What investigators are saying is that somewhere between the Texas meat packing plant where the ground beef came from, the Mississippi warehouse it was stored, and the schools where it wound up, somebody tampered with the delivery. Cocaine turned up in boxes sent to Ellisville Elementary, and East Central Upper Elementary in Hurley.
Students at the security conscious East Central school didn't know that when they returned to school Monday morning, a cafeteria worker found 15 pounds of cocaine in a weekly food shipment.
Brad Stewart is an assistant superintendent for the Jackson County School District. "I guess the first thing that goes through your mind is to make sure that there isn't any way it's going to hurt your staff or your students," he said.
East Central's drug ordeal actually started last Wednesday, when a ground beef shipment arrived at the school.
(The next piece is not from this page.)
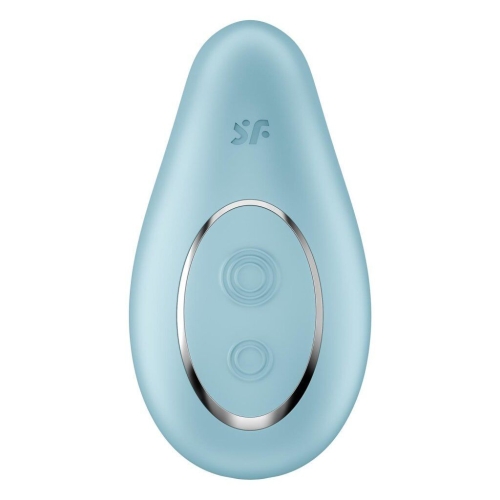 Клиторальный стимулятор голубого цвета Satisfyer Dipping Delight - 3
Two days later the state sent out a hold warning. It ordered cafeteria staff around the state to move its ground beef to an isolated location and not use it. A day later, word got out that a school in Ellisville had cocaine bricks in a ground beef delivery box. That was Saturday. On Monday, a cafeteria worker at East Central was thinking about the Ellisville incident when she remembered moving a ground beef box that didn't feel right to her. "So she went into the freezer, unlocked the freezer, and went in and took the tape off and found six bricks of cocaine," Stewart said.
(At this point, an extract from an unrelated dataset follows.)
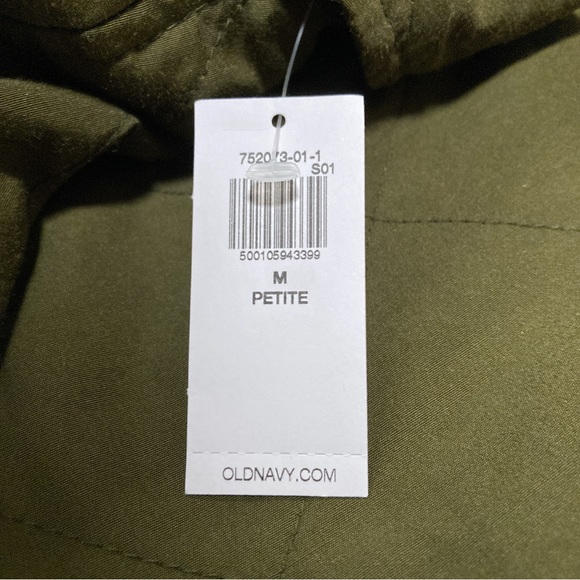 NWT Old Navy Quilted Utility Shacket - Picture 7 of 7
Within minutes, the cafeteria entrance had members of the Jackson County Sheriff's Department, the bureau of narcotics, and the DEA swarming around it. So did the school's loading and unloading dock. "I think this is an isolated situation where it got lost," the assistant superintendent said. "I'm very thankful for a prepared staff, an alert state department, and people that took care of the situation, because our children never were in danger."
Narcotics experts say the cocaine found at East Central Upper Elementary was worth at least $100,000.